Monday, September 10, 2012

PUBLISHED, PRINTED AND REVIEWED

TODAY my book -- published and printed was delivered! And, the following review by Pat Maslowski was printed in the publisher's newsletter.

Tree Lines, A Memoir --- There are few books that I will reread in my life, but Mim Neal’s Tree Lines is one I will keep on the shelf near my bed so I can reread those passages that are poetry, philosophy, wisdom and prayer.
     There’s a reason memoir is so popular. With every new generation, many lose their connection to family, place, ritual, folklore and wisdom. Who are we? How shall we be? What is my purpose? What is my life’s meaning?

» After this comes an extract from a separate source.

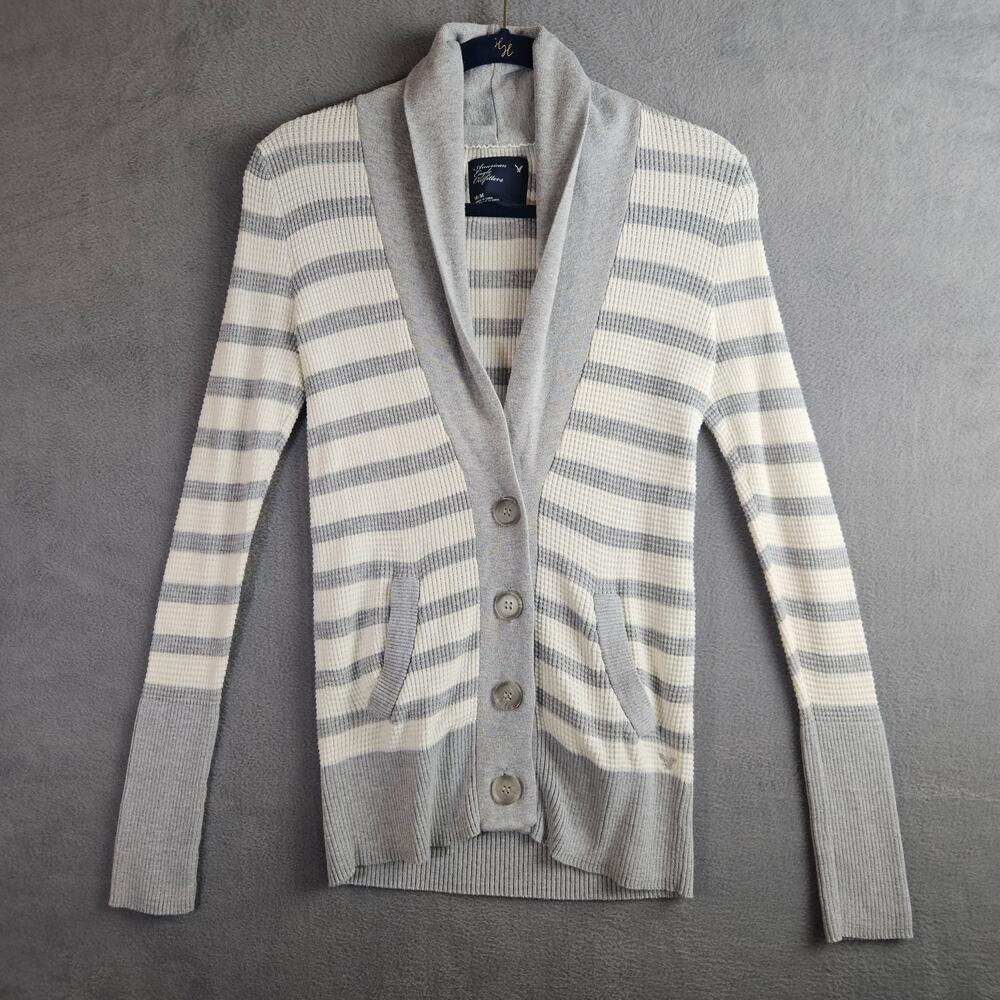 Y2K‎ American Eagle Gray Cream Striped  Cardigan Size Medium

These questions pulse despite the blare, hurry, distraction and commercialism in which we are enveloped, and memoir offers some helpful attempts at answers.
     I’ve read that culture is the air we breathe, and I agree. To experience another culture is to learn to breathe in different air. Mim Neal is an extraordinary woman who does just that. From a traditional middle class, Protestant background, she marries, has two children and is a stay at home mother. In her thirties the culture shifts, the air changes, and the author realizes her marriage is destructive, her husband controlling and emotionally abusive.
    Her divorce is the exit from the oxygen-rich conformity prevalent in American culture in the 40s, 50s, 60s, and even 70s. Suddenly she’s at high altitude; the air is thin, and there’s no turning back. Her struggles to support her family alone, her sense of duty and obligation, her aspirations as a writer and her understanding of who she is as a spiritual being are all related so candidly and vividly I had a sense I knew her as well as I know myself. Her memoir brings the reader into the immediacy of her personal life as well as her work life, which as Director of Media for Rotary International includes trips to Brazil, Guatemala, Japan, South Korea, Africa and Switzerland.
   Fully present and engaged, Mim Neal shows us what she experiences and seeks. We become seekers with her. What is our place on this planet? What do our relationships with people, earth, plants, animals and ancient wisdom mean? She is not afraid to experience other cultures, other places, but she is also aware of her self-doubt, guilt and feelings of inadequacy. She discovers a spiritual path that joins traditions from Buddhism, to Islam, to Christianity, to Native American belief systems. She participates in vision quests. She promotes an event that includes Nelson Mandela and the Dalai Lama. She visits ancient, sacred sites such as Hiroshima and Nara in Japan and Table Mountain in South Africa. The air becomes rich with diversity instead of conformity.
   Her memoir is not just the narrative of a woman’s life; it is also the narrative of a human quest to understand our place on the planet, to find holiness. She offers the reader an examined life, a hard-won wisdom we need now—a new way to breathe.